• Work to be completed
Down to the final line, reproduce the entries that follow exactly.

[Opening Data records section]

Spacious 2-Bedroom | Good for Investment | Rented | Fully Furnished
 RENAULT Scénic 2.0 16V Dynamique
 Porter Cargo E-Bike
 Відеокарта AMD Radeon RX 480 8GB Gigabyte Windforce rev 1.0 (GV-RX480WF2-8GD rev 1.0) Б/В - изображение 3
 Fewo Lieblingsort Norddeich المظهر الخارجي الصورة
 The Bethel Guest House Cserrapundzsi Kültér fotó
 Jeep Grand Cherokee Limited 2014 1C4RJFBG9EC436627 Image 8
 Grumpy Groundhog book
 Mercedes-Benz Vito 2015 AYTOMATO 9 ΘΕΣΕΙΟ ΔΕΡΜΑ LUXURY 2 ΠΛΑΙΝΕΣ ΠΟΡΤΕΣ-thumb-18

[Closing Data records section]

• Response to the exercise
Spacious 2-Bedroom | Good for Investment | Rented | Fully Furnished
 RENAULT Scénic 2.0 16V Dynamique
 Porter Cargo E-Bike
 Відеокарта AMD Radeon RX 480 8GB Gigabyte Windforce rev 1.0 (GV-RX480WF2-8GD rev 1.0) Б/В - изображение 3
 Fewo Lieblingsort Norddeich المظهر الخارجي الصورة
 The Bethel Guest House Cserrapundzsi Kültér fotó
 Jeep Grand Cherokee Limited 2014 1C4RJFBG9EC436627 Image 8
 Grumpy Groundhog book
 Mercedes-Benz Vito 2015 AYTOMATO 9 ΘΕΣΕΙΟ ΔΕΡΜΑ LUXURY 2 ΠΛΑΙΝΕΣ ΠΟΡΤΕΣ-thumb-18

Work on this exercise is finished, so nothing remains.